Rond half mei, na de IJsheiligen, kun je de jonge knolselderijplantjes buiten uitplanten. Vroeg uitplanten is niet slim, want de planten zijn gevoelig voor kou. Als ze in een te koude periode buiten komen te staan, kunnen ze doorschieten en bloemstengels vormen in plaats van knollen.
Lees ook: Kun je knolselderij in september planten?
De groeifase in de volle grond
Eenmaal uitgeplant in de volle grond begint het echte werk: de knolselderij moet langzaam uitgroeien tot een flinke knol. Dat gaat niet vanzelf. Knolselderij heeft namelijk veel voeding en vocht nodig. Het is een zogenaamde “veelvraat”. Je doet er goed aan om de grond vooraf te verrijken met compost of mest en tijdens het groeiseizoen regelmatig bij te mesten met een kaliumrijke meststof.
Ook water geven is belangrijk. Knolselderij houdt niet van droge periodes. Bij te weinig water groeit de knol slecht of blijft hij klein. Zorg dus dat de grond vochtig blijft, zeker tijdens warme zomers.
Lees ook: Het juiste moment om knolselderij te oogsten
Wanneer kun je oogsten?
De eerste knolselderij kun je meestal vanaf september oogsten. De knollen zijn dan groot genoeg om te gebruiken in de keuken. Vaak wacht je echter nog wat langer, tot oktober of november, omdat de knollen dan echt mooi op formaat zijn.
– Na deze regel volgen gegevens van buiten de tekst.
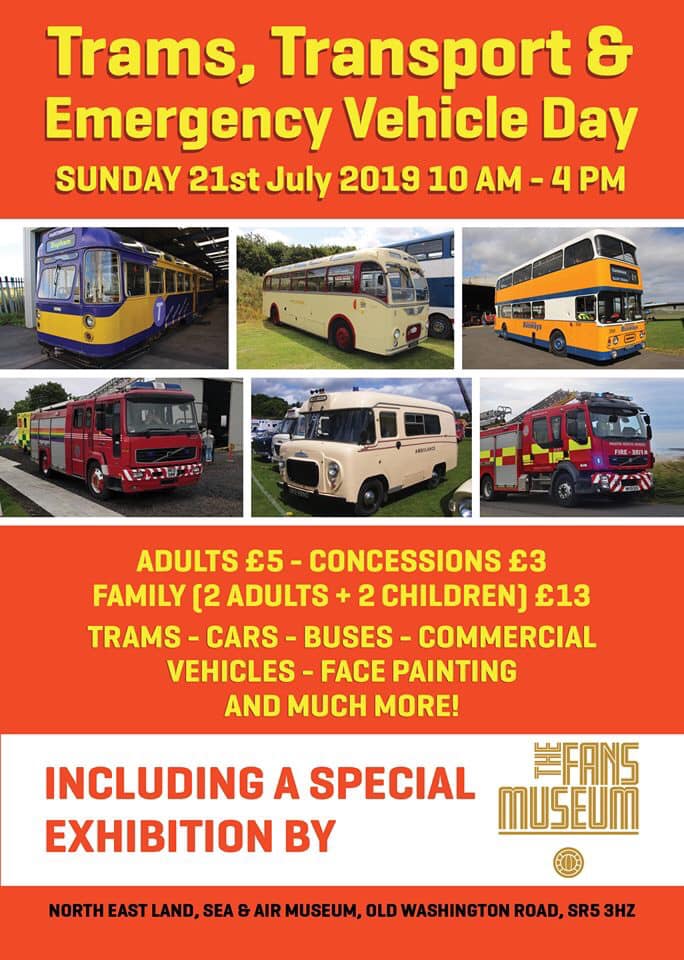 Fans Museum at Trams, Transport & Emergency Vehicle Day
Een bijkomend voordeel is dat knolselderij tegen een beetje kou kan. Je hoeft hem dus niet per se meteen uit de grond te halen. Vaak laat je de knollen gewoon in de tuin zitten tot je ze nodig hebt. Wel is het verstandig om ze te oogsten vóór de eerste echt strenge vorst, anders kan de knol schade oplopen.
Tips voor succes
- Zaai vroeg: begin binnen in februari of maart, zodat je een lange groeiperiode hebt.
- Geef voeding en water: knolselderij groeit langzaam, maar vraagt wel veel verzorging.
- Wees geduldig: het duurt lang, maar je wordt beloond met een grote, aromatische knol.
- Oogst op tijd: wacht tot de knol groot genoeg is, maar laat hem niet bevriezen in de grond.
Conclusie
Knolselderij kweken is een kwestie van lange adem. Vanaf het zaaien in het vroege voorjaar duurt het zo’n zes maanden voordat je een mooie knol uit de grond kunt trekken. Dat klinkt misschien lang, maar het is de moeite waard. Een zelfgekweekte knolselderij heeft veel meer smaak dan de varianten uit de supermarkt en geeft je gerechten een heerlijke, hartige diepte. Dus: begin op tijd, geef je planten voldoende zorg, en geniet in de herfst van een knol die je helemaal zelf hebt grootgebracht.